2019 yılında Hollanda’ya birinci sefer taşındığımda, Leiden Üniversitesi’nde bir toplumlar bilimi profesörü eğitmenimiz bize Hollandalıların aktivizm üzerine uzman bir sosyete olduğunu söylemişti. Yolunuz düşer de Hollanda’ya gelirseniz, burada geçirdiğiniz yıllar içerisinde, bu cümlenin ne manaya geldiğini daha âlâ anlayabilirsiniz. Hayatlarını bu türlü ferdî ve özgürlükçü bir çerçevede yaşayan bu toplum, muhakkak emeller çerçevesinde kolektifle bir olmayı sorumluluk olarak görüyor; bıkkınlıklarını ve hayal kırıklıklarını sevinç ve ümitle söz edebiliyordu.
Geçtiğimiz cumartesi günü Amsterdam’da gerçekleşen aksiyon global ölçütte tek değildi. Benzeri protestolar İstanbul, Londra, Paris, Kopenhag, Zürih ve Dublin’de de gerçekleşti.

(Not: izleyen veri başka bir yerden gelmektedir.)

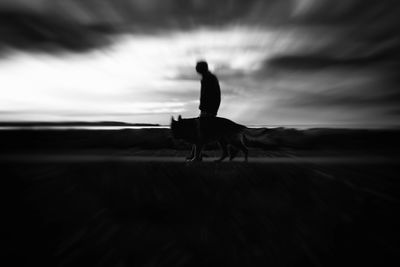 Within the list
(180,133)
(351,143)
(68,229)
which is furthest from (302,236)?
(351,143)

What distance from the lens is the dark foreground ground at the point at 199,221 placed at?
210cm

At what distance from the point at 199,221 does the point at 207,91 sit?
5.23m

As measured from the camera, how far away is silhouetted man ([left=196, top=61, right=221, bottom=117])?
7738 millimetres

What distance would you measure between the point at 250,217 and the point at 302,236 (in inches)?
24.4

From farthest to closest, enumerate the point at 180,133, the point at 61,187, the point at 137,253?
the point at 180,133 < the point at 61,187 < the point at 137,253

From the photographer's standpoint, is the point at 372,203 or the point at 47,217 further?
the point at 372,203

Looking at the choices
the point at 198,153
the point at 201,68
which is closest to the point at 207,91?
the point at 201,68

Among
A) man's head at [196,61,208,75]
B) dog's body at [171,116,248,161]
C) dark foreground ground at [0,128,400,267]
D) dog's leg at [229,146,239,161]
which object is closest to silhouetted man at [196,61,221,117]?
man's head at [196,61,208,75]

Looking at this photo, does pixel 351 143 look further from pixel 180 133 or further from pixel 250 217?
pixel 250 217

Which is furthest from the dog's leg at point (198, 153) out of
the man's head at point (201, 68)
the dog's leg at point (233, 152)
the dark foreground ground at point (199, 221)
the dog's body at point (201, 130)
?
the dark foreground ground at point (199, 221)

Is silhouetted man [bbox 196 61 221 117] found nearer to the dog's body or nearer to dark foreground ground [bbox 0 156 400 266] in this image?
the dog's body

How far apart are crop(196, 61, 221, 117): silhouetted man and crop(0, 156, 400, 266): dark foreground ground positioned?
293 cm

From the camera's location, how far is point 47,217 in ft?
9.82

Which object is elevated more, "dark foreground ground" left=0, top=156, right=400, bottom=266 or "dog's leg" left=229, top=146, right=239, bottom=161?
"dog's leg" left=229, top=146, right=239, bottom=161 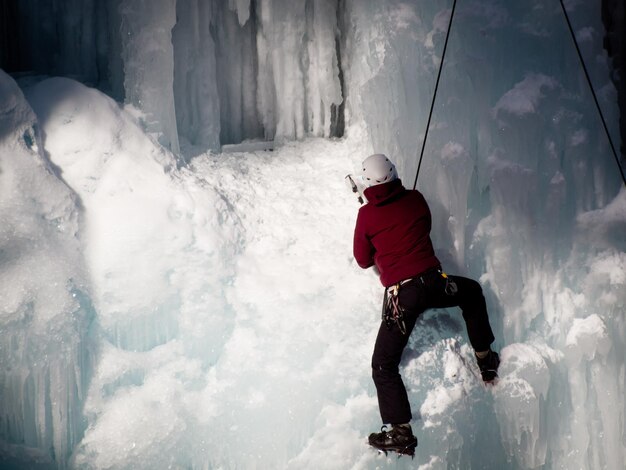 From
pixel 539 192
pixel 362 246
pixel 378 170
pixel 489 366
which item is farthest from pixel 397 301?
pixel 539 192

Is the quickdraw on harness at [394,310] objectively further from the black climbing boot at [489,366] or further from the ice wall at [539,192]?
the ice wall at [539,192]

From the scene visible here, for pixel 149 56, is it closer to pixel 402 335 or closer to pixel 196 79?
pixel 196 79

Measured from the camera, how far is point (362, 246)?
312 centimetres

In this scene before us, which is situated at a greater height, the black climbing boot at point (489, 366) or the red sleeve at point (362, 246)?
the red sleeve at point (362, 246)

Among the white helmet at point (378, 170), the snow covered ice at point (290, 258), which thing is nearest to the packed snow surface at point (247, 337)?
the snow covered ice at point (290, 258)

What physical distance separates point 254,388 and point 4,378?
1.23 metres

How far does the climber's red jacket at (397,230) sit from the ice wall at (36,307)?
157 centimetres

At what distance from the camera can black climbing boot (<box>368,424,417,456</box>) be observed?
9.84 ft

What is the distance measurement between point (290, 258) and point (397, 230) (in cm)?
105

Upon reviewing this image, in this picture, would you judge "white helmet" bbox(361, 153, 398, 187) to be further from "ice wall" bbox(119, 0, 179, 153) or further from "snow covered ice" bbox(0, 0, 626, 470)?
"ice wall" bbox(119, 0, 179, 153)

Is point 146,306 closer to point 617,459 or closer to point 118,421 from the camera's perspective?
point 118,421

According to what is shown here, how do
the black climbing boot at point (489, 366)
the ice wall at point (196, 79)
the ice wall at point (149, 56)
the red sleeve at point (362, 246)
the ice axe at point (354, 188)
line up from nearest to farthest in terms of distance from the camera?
1. the red sleeve at point (362, 246)
2. the black climbing boot at point (489, 366)
3. the ice axe at point (354, 188)
4. the ice wall at point (149, 56)
5. the ice wall at point (196, 79)

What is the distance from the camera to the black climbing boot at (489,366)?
3.42m

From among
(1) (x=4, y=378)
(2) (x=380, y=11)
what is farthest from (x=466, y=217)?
(1) (x=4, y=378) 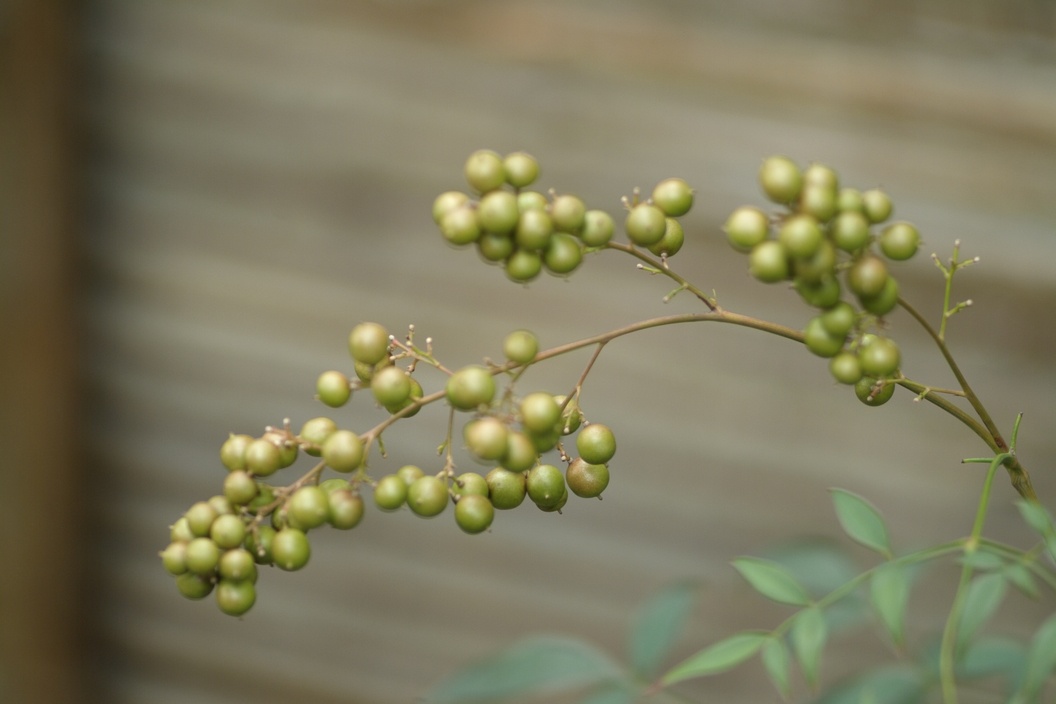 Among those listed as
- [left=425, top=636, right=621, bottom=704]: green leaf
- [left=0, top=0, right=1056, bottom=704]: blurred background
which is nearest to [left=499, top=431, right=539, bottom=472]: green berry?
[left=425, top=636, right=621, bottom=704]: green leaf

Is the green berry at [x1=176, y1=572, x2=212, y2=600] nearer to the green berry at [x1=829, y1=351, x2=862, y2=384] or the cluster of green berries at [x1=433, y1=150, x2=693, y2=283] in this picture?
the cluster of green berries at [x1=433, y1=150, x2=693, y2=283]

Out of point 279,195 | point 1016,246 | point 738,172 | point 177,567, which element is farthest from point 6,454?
point 1016,246

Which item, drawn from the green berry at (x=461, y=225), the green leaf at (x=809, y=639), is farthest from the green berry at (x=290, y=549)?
the green leaf at (x=809, y=639)

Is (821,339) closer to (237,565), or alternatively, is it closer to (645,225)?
(645,225)

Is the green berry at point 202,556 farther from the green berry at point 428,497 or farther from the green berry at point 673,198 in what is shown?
the green berry at point 673,198

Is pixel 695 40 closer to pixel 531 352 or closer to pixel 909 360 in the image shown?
pixel 909 360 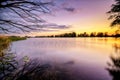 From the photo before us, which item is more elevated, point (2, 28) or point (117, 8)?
point (117, 8)

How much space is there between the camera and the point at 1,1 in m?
3.00

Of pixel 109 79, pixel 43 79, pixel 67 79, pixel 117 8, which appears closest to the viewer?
pixel 43 79

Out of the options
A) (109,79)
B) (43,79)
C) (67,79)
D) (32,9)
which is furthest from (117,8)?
(32,9)

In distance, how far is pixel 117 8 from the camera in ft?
53.4

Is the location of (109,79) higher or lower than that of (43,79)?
lower

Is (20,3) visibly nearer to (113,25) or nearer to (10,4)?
(10,4)

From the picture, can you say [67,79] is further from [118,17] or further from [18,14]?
[118,17]

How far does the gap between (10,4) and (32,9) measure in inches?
19.2

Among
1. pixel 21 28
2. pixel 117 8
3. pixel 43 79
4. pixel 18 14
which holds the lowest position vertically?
pixel 43 79

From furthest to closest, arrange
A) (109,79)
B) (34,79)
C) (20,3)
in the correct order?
(109,79) → (34,79) → (20,3)

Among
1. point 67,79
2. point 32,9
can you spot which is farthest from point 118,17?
point 32,9

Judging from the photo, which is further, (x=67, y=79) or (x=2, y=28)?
(x=67, y=79)

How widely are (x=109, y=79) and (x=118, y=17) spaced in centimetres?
903

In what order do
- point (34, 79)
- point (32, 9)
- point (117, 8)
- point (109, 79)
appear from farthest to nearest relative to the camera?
1. point (117, 8)
2. point (109, 79)
3. point (34, 79)
4. point (32, 9)
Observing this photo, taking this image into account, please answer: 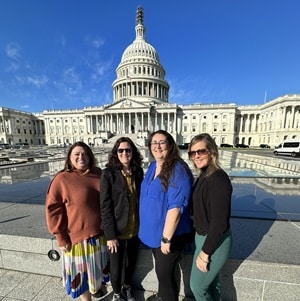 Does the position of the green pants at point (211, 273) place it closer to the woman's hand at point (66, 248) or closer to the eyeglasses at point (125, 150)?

Amsterdam kent tarihine ismini kazıyan iklim aksiyonunda ortak ileti siyasetçilerin iklim krizini öne almaları, önemsemeleri, bu acil durumu önlemek için acil kararlar almaları tarafındaydı. Çevresel sorunun politik boyutu daha evvelki aksiyonlara kıyasla çok daha besbelli bir formda ele alınmış, pankartlarda toplumsal ve politik tenkitler yapılmıştı. Kapitalist ekonomik tertibin sera gazı salınımlarına olan direkt tesiri göze alınmış ve ekonomik tenkitler pankartlara taşınmıştı.
Günün sonunda, Westerpark’ta biten aksiyonda herkes yanındakinin elini sıkıp sakince parkta yürüyüş yaparak konutuna döndü. Tekrar geri gelecek olmanın verdiği heyecan, tıpkı sloganları atmak zorunda kalacak olma ihtimalinin verdiği yorgunluk lakin hiçbir vakit bitmeyecek o umutla…
Geçtiğimiz hafta sonu Hollanda’da, Dünya’yı ve çıkarları yerine onu seçenleri kutladık. Sarı botlu küçük kızı babasının omzunda gördüm parktan çıkarken, babasının elindeki ondan boyutça büyük o pankartı alıp gülerek havaya kaldırdı:
“İklim değişmeyecek, biz değişeceğiz!”